Soares had expressed similar concerns during the election campaign, warning that growing inequality could create political tension. Soares said then that a balanced budget was not an end in itself. Cavaco Silva echoes him now by calling for co-operation between “economic and social institutions.”
The inequality, though, is systemic, with the richest 20 percent of the population earning some seven times more than the poorest 20 percent. Cavaco Silva told the Lisbon meeting that his role was to sell the austerity measures to the Portuguese people without creating political instability. “We can convince the population in general to accept measures of austerity without causing a negative reaction,” he said.

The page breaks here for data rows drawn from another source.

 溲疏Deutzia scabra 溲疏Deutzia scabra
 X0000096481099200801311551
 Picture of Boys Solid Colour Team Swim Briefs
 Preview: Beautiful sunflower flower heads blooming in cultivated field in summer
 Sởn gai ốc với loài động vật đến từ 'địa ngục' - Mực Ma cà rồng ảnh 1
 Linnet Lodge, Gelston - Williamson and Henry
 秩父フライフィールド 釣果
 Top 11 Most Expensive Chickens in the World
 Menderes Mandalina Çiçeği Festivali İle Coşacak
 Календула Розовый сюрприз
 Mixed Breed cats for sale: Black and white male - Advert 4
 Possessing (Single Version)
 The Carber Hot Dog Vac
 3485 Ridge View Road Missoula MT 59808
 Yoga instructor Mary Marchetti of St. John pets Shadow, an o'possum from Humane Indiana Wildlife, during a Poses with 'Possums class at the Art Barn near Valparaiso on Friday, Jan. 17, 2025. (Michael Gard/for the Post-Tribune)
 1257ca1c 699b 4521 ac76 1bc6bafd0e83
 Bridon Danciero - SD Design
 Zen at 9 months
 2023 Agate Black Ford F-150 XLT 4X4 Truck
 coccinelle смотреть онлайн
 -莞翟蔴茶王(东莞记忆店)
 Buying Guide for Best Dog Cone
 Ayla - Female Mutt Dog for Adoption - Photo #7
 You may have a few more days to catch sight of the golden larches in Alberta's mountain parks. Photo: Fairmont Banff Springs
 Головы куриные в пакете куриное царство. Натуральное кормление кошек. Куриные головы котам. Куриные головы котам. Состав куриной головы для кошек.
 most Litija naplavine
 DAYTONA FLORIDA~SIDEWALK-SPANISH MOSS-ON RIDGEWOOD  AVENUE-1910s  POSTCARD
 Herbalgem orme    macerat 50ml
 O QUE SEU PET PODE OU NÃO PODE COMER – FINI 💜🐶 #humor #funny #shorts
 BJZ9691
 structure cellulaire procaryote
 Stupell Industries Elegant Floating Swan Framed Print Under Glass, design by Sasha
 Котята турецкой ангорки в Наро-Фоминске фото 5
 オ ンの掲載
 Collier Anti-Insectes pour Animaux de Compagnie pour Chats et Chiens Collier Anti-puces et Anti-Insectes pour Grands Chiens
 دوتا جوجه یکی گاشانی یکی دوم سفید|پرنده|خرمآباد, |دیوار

Cavaco Silva has said that he will back Socrates’ attempts to adapt the economy to the requirements of globalisation. In Lisbon he stressed that the president has a vital role in promoting international liaison and he emphasized the need to make Portugal internationally competitive. The country must “close the development gap with Spain and other EU countries,” he said so that it is able to hold its own “economically and politically on the international scene.”
To this end he outlined six points that the Portuguese government must address, including reform of the justice and public administration systems and the country’s territorial districts. Such reforms of the public sector are consistent with the measures Socrates has already begun, such as pension cuts.